__Data__:
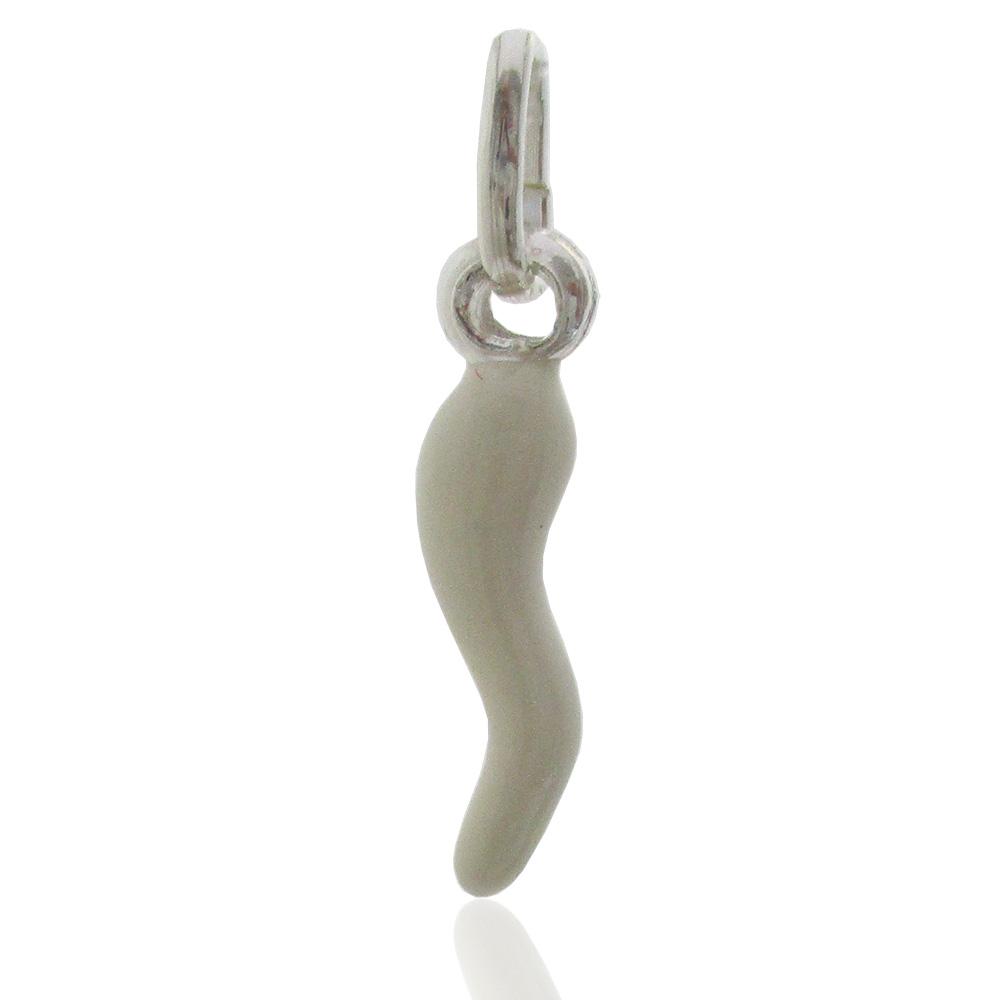 Ciondolo corno scaramantico mm 17 in argento titolo 925 e smalto bianco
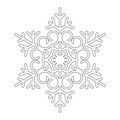 Snowflake for coloring book, coloring pages and design element for Christmas. Antistress. Line art design.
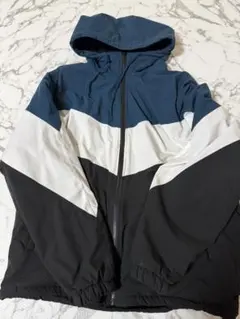 カラーブロック ジャケット フード付き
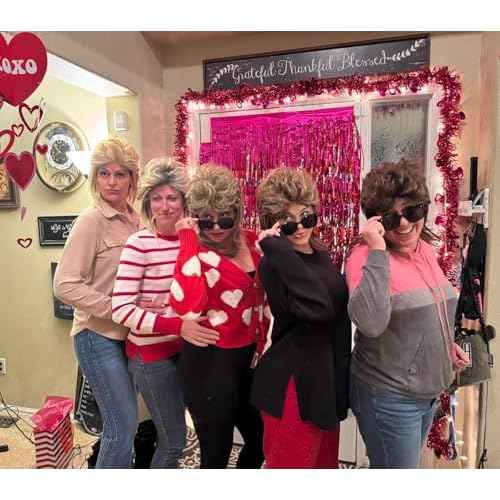 ByouByou Mullet Wigs for Women Curly Synthetic Heat Resistant Shoulder Length Hair 80s Rocker Cosplay Wigs (Blonde Mixed Black)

__What is required__:
All of the material above is to be retyped verbatim, with its pictures omitted.

__Response to the exercise__:
 Ciondolo corno scaramantico mm 17 in argento titolo 925 e smalto bianco
 Snowflake for coloring book, coloring pages and design element for Christmas. Antistress. Line art design.
 カラーブロック ジャケット フード付き
 ByouByou Mullet Wigs for Women Curly Synthetic Heat Resistant Shoulder Length Hair 80s Rocker Cosplay Wigs (Blonde Mixed Black)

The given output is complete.